◆ Records for this exercise

[Start of section]

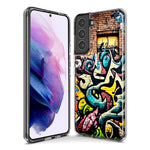 Samsung Galaxy S22 Ultra Urban Graffiti Wall Art Painting Hybrid Protective Phone Case Cover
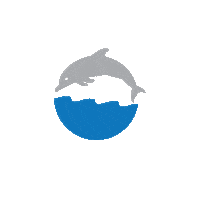 Dolphins Des Sticker by Dogwood Elementary School
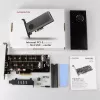 „Axagon PCEM2-DC“ PCIe x4 – M.2 NVMe M-rakto + SATA B-rakto lizdo adapteris su aušintuvu, SP ir LP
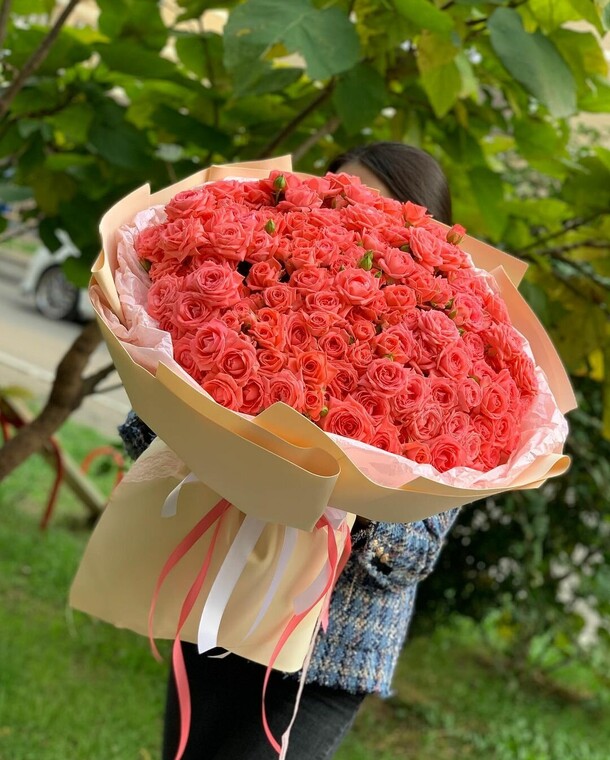 Персик🍑, артикул F1143809 - 60656 рублей, доставка по городу. Flawery - доставка цветов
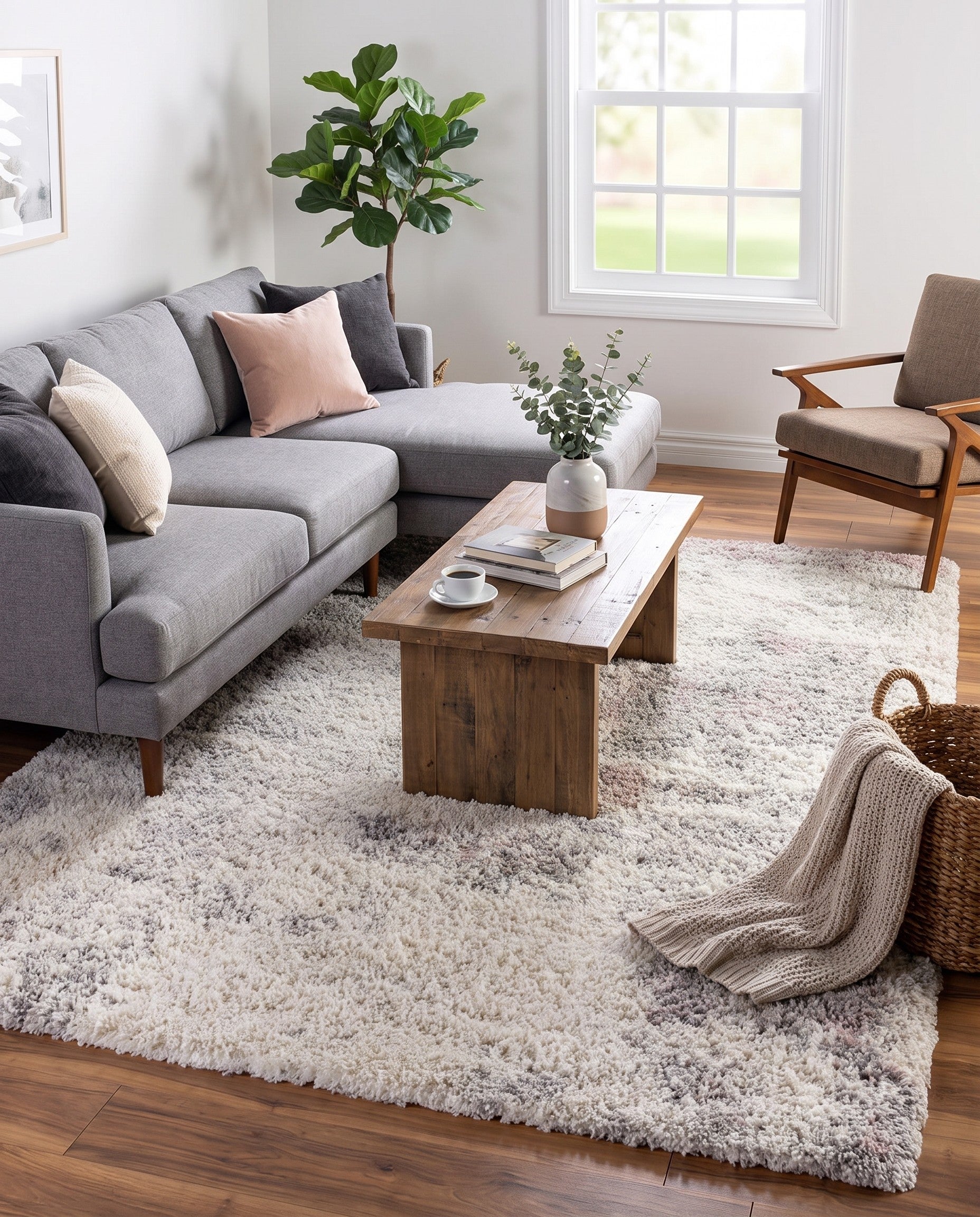 7' 10 x 11' Soft Touch Shag Rug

[End of section]

◆ Requirement
Although the records contain pictures, the copy should hold only their text, reproduced exactly.

◆ Expected answer
 Samsung Galaxy S22 Ultra Urban Graffiti Wall Art Painting Hybrid Protective Phone Case Cover
 Dolphins Des Sticker by Dogwood Elementary School
 „Axagon PCEM2-DC“ PCIe x4 – M.2 NVMe M-rakto + SATA B-rakto lizdo adapteris su aušintuvu, SP ir LP
 Персик🍑, артикул F1143809 - 60656 рублей, доставка по городу. Flawery - доставка цветов
 7' 10 x 11' Soft Touch Shag Rug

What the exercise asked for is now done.